Escribe: Silvina Ramírez

En un Estado de derecho, y de acuerdo al principio republicano, el Poder Judicial debe velar por la protección de los derechos. Cuando los conflictos no pueden ser gestionados o canalizados por otros resortes, su judicialización incluye la necesaria presencia de abogados/as que puedan acompañar, orientar, asesorar y litigar frente a los tribunales para remediar los derechos vulnerados. En el caso de las comunidades indígenas, es cada vez más frecuente que, frente a la ausencia de políticas estatales que resguarden sus derechos, los conflictos se lleven a sede judicial para buscar una reparación. 

Parece ser inevitable que los derechos, en última instancia, deban ser protegidos por una dimensión del Estado que tiene entre sus objetivos fundacionales proteger a los más débiles. Las comunidades indígenas requieren de asistencia jurídica, como una forma más de impulsar la lucha por sus derechos. El campo jurídico, así, se vuelve un escenario en donde dirimir disputas, algunas de larga data, que requieren de abogados/as para garantizar la defensa de las comunidades indígenas. 

Así las cosas, las defensorías públicas se vuelven instituciones centrales en la defensa de las comunidades indígenas. Dado que no existe la cantidad de abogados/as que se requieren en relación a los conflictos que se suscitan, principalmente conflictos territoriales, y que las comunidades carecen de los recursos necesarios para afrontar una defensa privada, la defensa pública se presenta como un lugar de privilegio adonde se acude en busca de ayuda.    

Por ello, es central que exista una política construida desde las defensas, focalizada en las comunidades indígenas. Si se parte de la premisa de que las defensas públicas deberían destinar sus recursos, siempre limitados, priorizando a los colectivos vulnerabilizados, las comunidades indígenas deberían verse beneficiadas, y no deberían padecer las dificultades de encontrar alguien que pueda representarlos, que los asesore jurídicamente, que pueda ofrecerles respuestas cuando sus derechos no son respetados, colocándolos en una situación de total indefensión. 

De lo que se trata es de la obligación del Estado de brindar respuestas de la mejor calidad posible a las comunidades indígenas.
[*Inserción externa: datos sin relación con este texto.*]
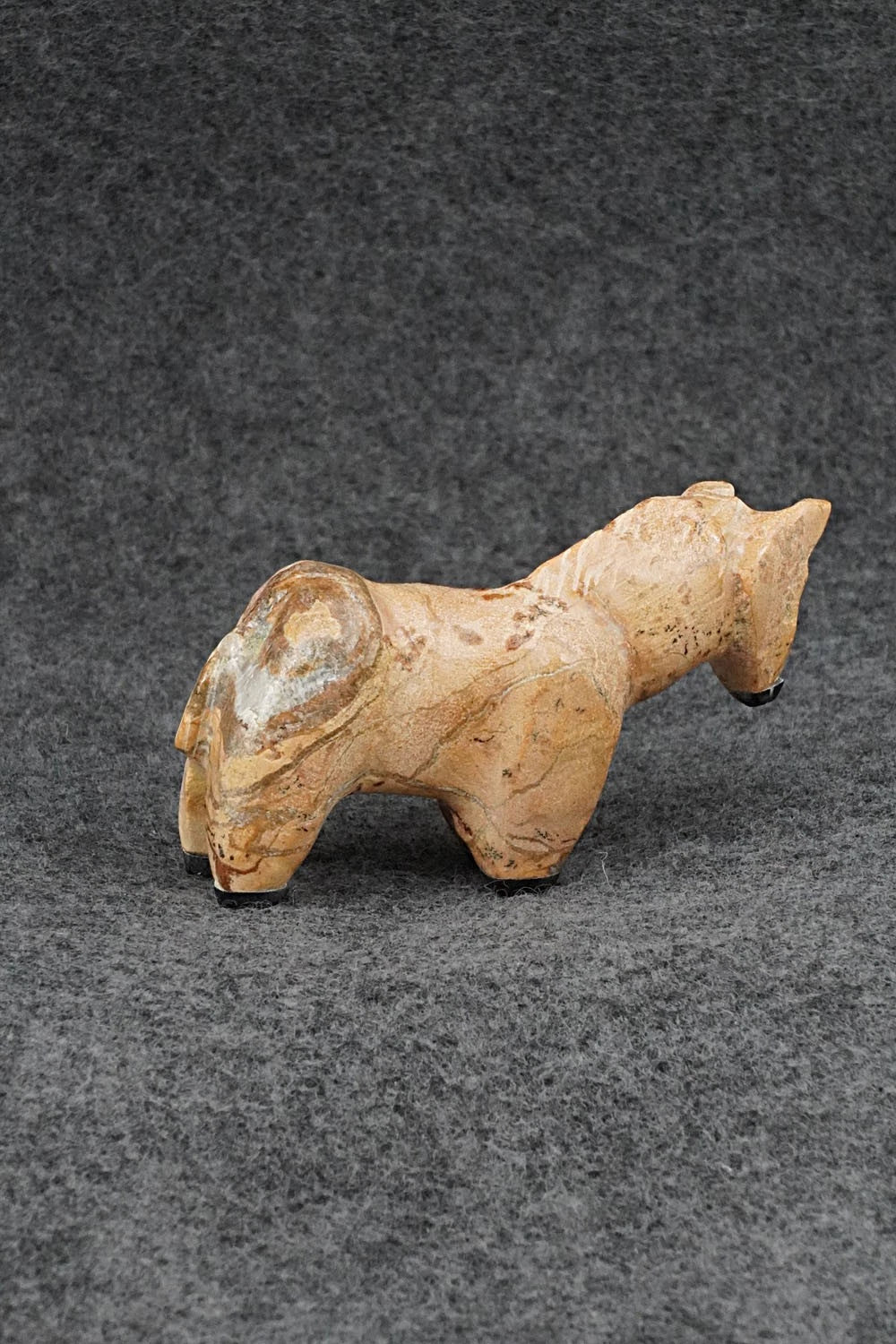 Horse Zuni Fetish Carving - Freddie Leekya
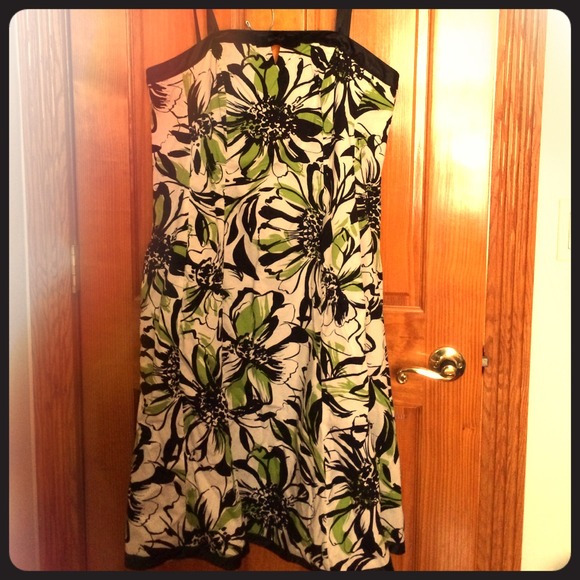 Fun Flirty Floral Print Dress - Picture 1 of 1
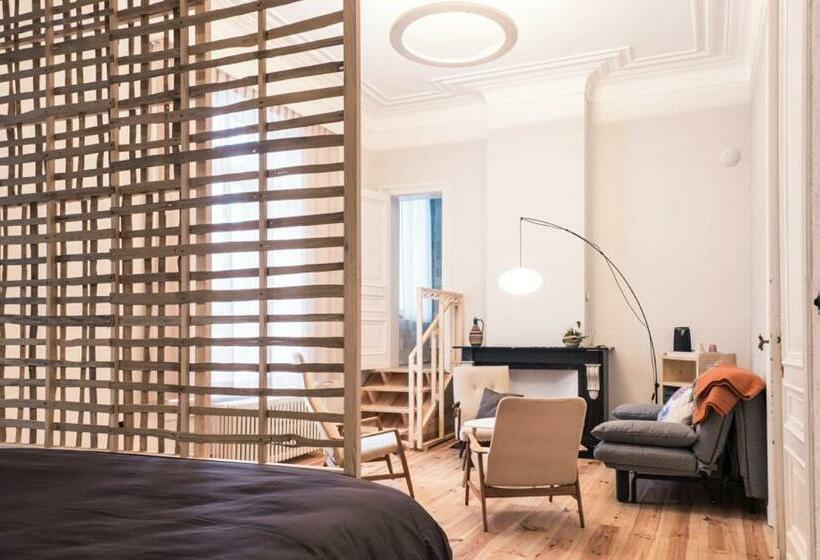 غرفة عائلية, 22b&b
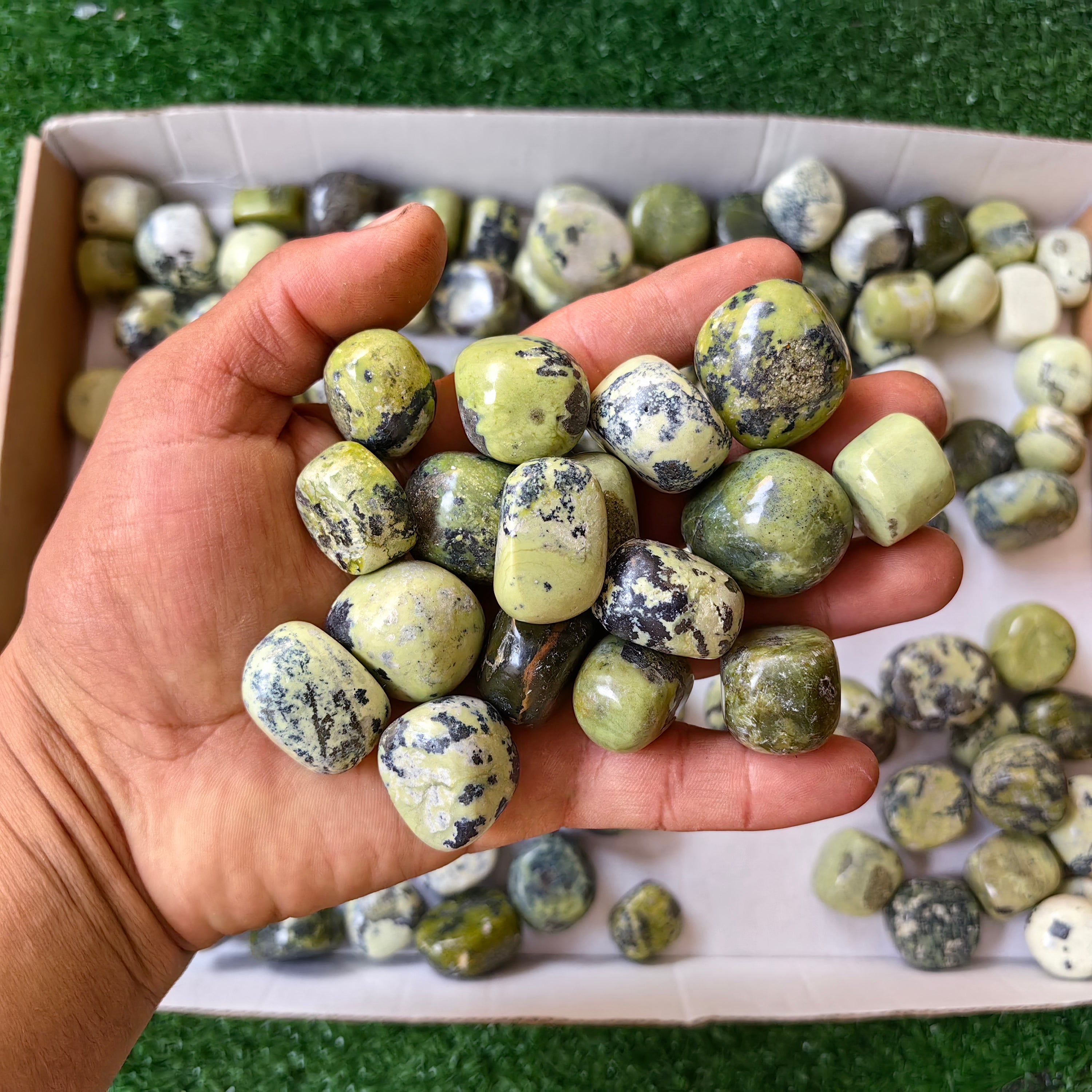 2 kg tumbled green serpentine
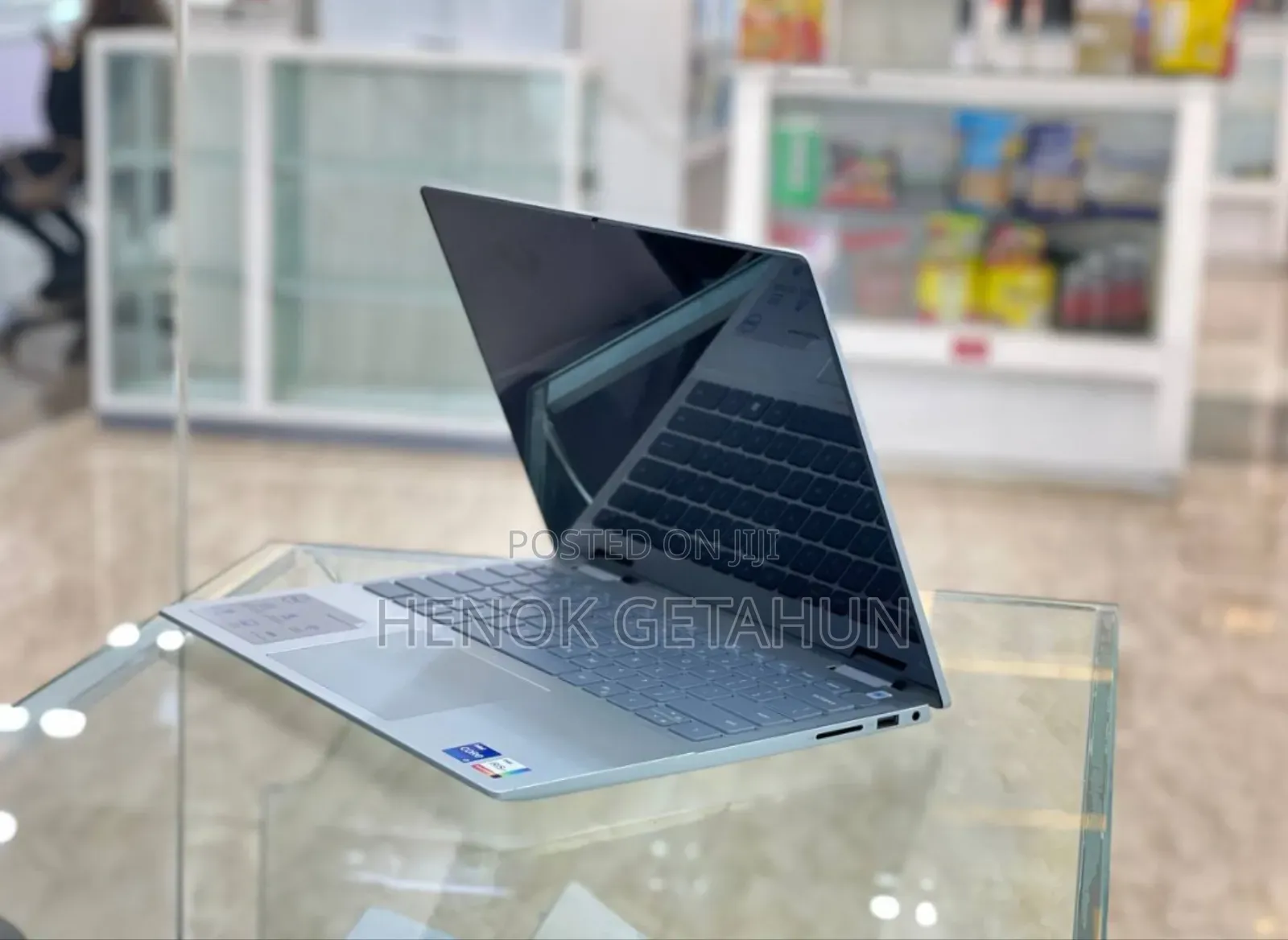 New Laptop Dell Inspiron 15 16GB Intel Core I7 SSD 1T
De que sus líneas de acción deben estar orientadas a gestionar una conflictividad cada vez más creciente que involucra actores muy dispares. La defensa pública no puede declinar esta función, porque se convierte en el último lugar a recurrir –debería ser el primero- cuando no se encuentra otro abogado que se ocupe de un caso. 
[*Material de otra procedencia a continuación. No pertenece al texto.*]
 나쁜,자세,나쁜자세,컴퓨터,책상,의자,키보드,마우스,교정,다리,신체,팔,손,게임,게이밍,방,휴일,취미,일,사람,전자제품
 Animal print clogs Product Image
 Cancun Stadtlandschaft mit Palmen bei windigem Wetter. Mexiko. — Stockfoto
Hoy, las comunidades indígenas se ven sometidas, cada vez más frecuentemente, a desalojos, a causas por usurpación, a conflictos con particulares y hasta con el mismo Estado –en su dimensión nacional, provincial o municipal- que demanda con urgencia ayuda y acompañamiento jurídico. Si la defensa pública declina el ejercicio de su rol, las comunidades indígenas ven obstaculizado –más allá de otros derechos- su derecho al acceso a la justicia. 
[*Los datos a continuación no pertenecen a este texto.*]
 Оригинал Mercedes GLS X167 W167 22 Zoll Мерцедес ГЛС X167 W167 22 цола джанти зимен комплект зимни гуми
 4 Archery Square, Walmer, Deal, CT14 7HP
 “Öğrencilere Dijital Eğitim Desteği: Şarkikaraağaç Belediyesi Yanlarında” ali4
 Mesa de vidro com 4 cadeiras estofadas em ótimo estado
Actualmente, las comunidades indígenas son defendidas por un puñado de abogados/as que, muchas veces ad honorem, realizan su tarea esforzadamente. También lo son por los defensores públicos, pero aleatoriamente. No siempre la defensa pública entiende en sus casos, los criterios son azarosos y heterogéneos, y no existe una política clara de acceso a la justicia que los jerarquice, dado su especial situación, frente a otros conflictos que podrían encontrar diferentes formas de resolución.

Finalmente, sería relevante y central para las comunidades y Pueblos Indígenas que las defensas públicas se fortalezcan, que reconduzcan sus políticas, y que tomen sus casos, en el entendido que llevar adelante su defensa forma parte medular de su función. Con defensas públicas robustas, las comunidades indígenas tienen más posibilidades de que sus derechos se garanticen genuinamente.